J'étais en train de m'évertuer à caser de vieux bouquins, récupérés ici et là, dans ma déjà débordante bibliothèque, quand, ouvrant par hasard une édition des Récits de Belkine de Pouchkine publiée en 1947 aux éditions du Chêne, je suis tombée sur cette photo de Yul Brynner. Au dos, quelqu'un avait écrit à l'encre bleue :
"Te plait-il, est-il beau ?"
Le message était adressé "à Chantal".

S'il est une chose que j'aime particulièrement, c'est ouvrir un livre ancien et y trouver un document ou une photo. Yul Brunner marquait la page 81. La carte postale est plus tardive que le livre -  j'ai vérifié. Yul Brynner s'est rasé la tête en 1951 (bien obligé - ce n'était ni son idée, ni à son goût au départ) pour jouer à Broadway dans la comédie musicale de Richard Rodgers et Oscar Hammerstein II, The King and I (Le Roi et moi), l'histoire vraie, quoiqu'outrageusement romancée/déformée, d'Anna Leonowens et du roi de Siam.
J'imagine que Yul Brynner a fait craquer Chantal et sa copine anonyme au moment où la version cinématographique de la comédie musicale est sortie en France, soit vers 1956… L'année 1956 est également celle de la sortie des Dix Commandements, film pour lequel, devant jouer le pharaon torse nu, Brynner avait travaillé dur pour se faire une belle musculature, ce qui se transparaît sur la photo bien qu'il soit habillé.

Cette petite incursion dans la biographie de l'acteur m'a réservé quelques surprises. Je savais vaguement qu'il venait de Russie. Il aimait à raconter qu'il s'appelait Taidje Khan et était né sur l'île de Sakhalin, et qu'il était mi-Suisse, mi-japonais. En vérité, il est né à Vladivostok, le 11 juillet 1920 de Marousia Dimitrievna (Blagovidova), fille d'un médecin russe et de Boris Yuliyevich Bryner, un ingénieur d'origine Suisse-Allemand et Russe. Quand le père abandonna la famille, la mère emmena ses deux enfants, Yul et sa sœur, à Harbin, en Mandchourie. C'est drôle de penser que Brynner, né la même année que Tôshiro Mifune, a tout comme lui passé son enfance en Mandchourie, l'un à Harbin, l'autre à Dalian (900 km de distance - ils n'ont pas dû s'y rencontrer), et qu'ils se sont retrouvés, quelques trente ans plus tard, à jouer dans les deux versions de la même histoire, l'un en mercenaire l'autre en samouraï.

Entre la Mandchourie et les Etats-Unis, il y eut pour Yul Brynner, chose que j'ignorais totalement, un séjour de quelques années (1934 à 1941) à Paris.
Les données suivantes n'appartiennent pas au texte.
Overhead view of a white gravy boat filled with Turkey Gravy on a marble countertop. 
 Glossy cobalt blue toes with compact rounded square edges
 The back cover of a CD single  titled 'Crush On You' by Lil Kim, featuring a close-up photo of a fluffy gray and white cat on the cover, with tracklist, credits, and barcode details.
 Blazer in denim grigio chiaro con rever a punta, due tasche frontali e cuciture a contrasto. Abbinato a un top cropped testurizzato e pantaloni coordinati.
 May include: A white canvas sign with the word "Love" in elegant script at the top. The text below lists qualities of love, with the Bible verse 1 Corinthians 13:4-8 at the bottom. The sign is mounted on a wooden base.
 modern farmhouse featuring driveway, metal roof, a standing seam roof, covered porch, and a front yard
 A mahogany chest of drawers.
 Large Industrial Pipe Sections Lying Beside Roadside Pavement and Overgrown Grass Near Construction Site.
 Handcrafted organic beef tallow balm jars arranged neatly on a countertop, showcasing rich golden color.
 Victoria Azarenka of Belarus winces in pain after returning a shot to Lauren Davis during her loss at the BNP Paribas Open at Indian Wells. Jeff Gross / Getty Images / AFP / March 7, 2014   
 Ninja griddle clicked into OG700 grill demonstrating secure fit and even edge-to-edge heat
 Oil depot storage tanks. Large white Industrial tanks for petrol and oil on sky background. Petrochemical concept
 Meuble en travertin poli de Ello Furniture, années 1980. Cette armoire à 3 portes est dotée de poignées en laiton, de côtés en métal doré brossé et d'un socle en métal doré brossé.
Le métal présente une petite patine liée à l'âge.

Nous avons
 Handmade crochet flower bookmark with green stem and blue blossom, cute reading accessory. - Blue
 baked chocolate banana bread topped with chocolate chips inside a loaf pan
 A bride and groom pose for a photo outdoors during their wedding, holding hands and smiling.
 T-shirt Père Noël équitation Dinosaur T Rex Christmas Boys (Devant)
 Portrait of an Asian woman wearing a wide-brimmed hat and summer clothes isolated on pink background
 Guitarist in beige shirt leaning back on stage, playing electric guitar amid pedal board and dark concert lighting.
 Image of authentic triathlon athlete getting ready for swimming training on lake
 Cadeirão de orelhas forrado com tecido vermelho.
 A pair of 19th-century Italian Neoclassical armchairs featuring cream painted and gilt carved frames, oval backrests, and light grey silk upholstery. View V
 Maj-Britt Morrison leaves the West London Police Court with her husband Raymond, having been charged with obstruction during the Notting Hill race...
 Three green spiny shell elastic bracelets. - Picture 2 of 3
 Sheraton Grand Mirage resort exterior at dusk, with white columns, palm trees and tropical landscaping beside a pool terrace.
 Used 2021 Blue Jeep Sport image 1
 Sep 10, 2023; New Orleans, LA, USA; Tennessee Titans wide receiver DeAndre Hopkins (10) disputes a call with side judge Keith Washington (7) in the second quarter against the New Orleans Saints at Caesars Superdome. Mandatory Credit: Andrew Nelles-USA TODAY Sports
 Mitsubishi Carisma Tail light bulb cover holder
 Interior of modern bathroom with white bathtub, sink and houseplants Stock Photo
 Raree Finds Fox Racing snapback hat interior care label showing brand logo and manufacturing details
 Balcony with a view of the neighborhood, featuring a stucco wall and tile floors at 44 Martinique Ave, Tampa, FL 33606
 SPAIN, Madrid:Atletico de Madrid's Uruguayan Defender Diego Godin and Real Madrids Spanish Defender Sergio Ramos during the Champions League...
C'est l'époque de son adolescence. Il quitte l'école assez tôt et mène une vie d'artiste, jouant de la guitare dans les boites de nuit, passe par le théâtre des Mathurins avant de devenir trapéziste dans la compagnie du Cirque d'Hiver. Lors de son séjour en France, il aurait aussi, accessoirement, été le dealer d'opium de Jean Cocteau.
Il part aux États-Unis en 1941 pour étudier l'art dramatique auprès de la troupe de Michael Chekhov. Débute alors la partie la plus connue de sa vie, mais son histoire avec la France est loin d'être terminée, car après sa mort, survenue le 10 octobre 1985, ses cendres ont été ramenée en France et se trouvent maintenant au cimetière de l'Abbaye Royale de Saint-Michel de Bois-Aubry, à une cinquantaine de kilomètres de Tours. Étonnant, non ?

C'est fou comme une photo oubliée dans un vieux livre peut nous faire voyager.